Once he was a seminarian and graduate of the Moody Bible Institute, a pillar of conservative Christianity. Its doctrine states that the Bible "is a divine revelation, the original autographs of which were verbally inspired by the Holy Spirit."
But after three decades of research into that divine revelation, Ehrman became an agnostic. What he found in the ancient papyri of the scriptorium was not the greatest story ever told, but the crumbling dust of his own faith.
"Sometimes Christian apologists say there are only three options to who Jesus was: a liar, a lunatic or the Lord," he tells a packed auditorium here at the University of North Carolina, where he chairs the department of religious studies. "But there could be a fourth option -- legend."
Ehrman's latest book, "Misquoting Jesus: The Story Behind Who Changed the Bible and Why," has become one of the unlikeliest bestsellers of the year. A slender book of textual criticism, currently at No. 16 on the New York Times bestseller list, it casts doubt on any number of New Testament episodes that most Christians take as, well, gospel.
Example: A crowd readies itself to stone an adulterous woman to death.
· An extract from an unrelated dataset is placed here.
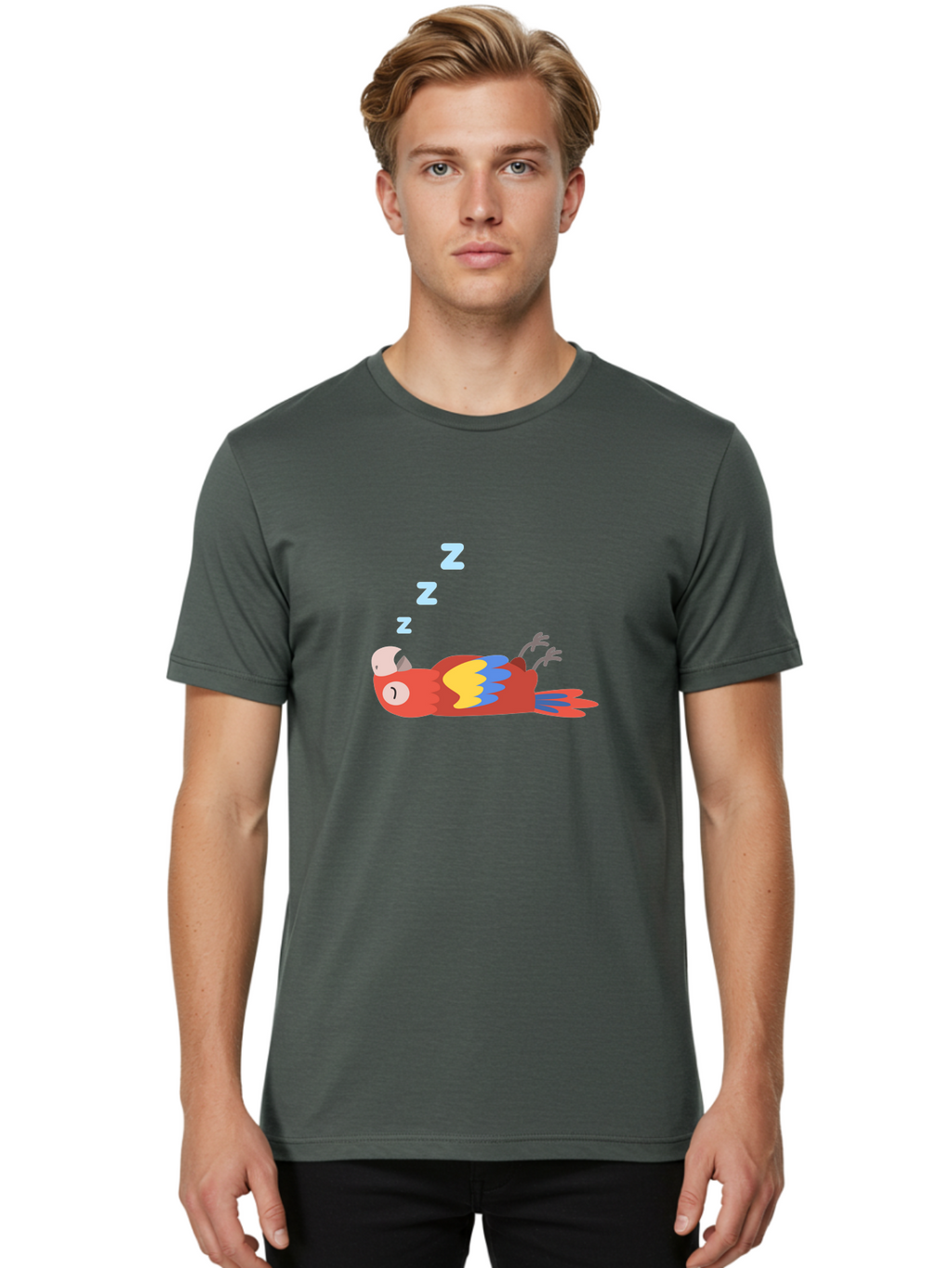 Sleeping-Parrot Men'S Graphic Tee, 100% Cotton, Comfortable Casual Summer Wear, Machine Washable, Sleeping Parrot, Cartoon Parrot, Colorful Bird, Vibrant Feathers, Blue And Yellow Wings, Relaxed Atmosphere, Dreamy Mood, Zzz Symbol Aab890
Jesus leans down, doodles in the dust. Says, let the one without sin cast the first stone. The crowd melts away. It's one of the most famous stories in the Bible.
And it's most likely fiction, says Ehrman, seconding other scholars who say scribes added the episode to the biblical canon centuries after the life of Christ.
There are dozens of other examples in "Misquoting Jesus," things that go to the heart of the faith, things that have puzzled scholars for centuries. What actually happened to Jesus of Nazareth, there on the sands of Judea? Was he a small-time Jewish revolutionary or the Son of God? Both? Neither?
These ancient questions have been the guideposts to Ehrman's life. His take on them -- first as devout believer in biblical inerrancy, then as a skeptic who rejects it all -- suggests a demand for black and white in an arena where others see faith, mystery and the far traces of the unknowable.
"I think Bart is writing about his personal journey, about legitimate things that bother him," says Darrell Bock, research professor of New Testament studies at the Dallas Theological Seminary. Like many Christian scholars who have studied the ancient scrolls, Bock says his faith was strengthened by the same process that destroyed Ehrman's.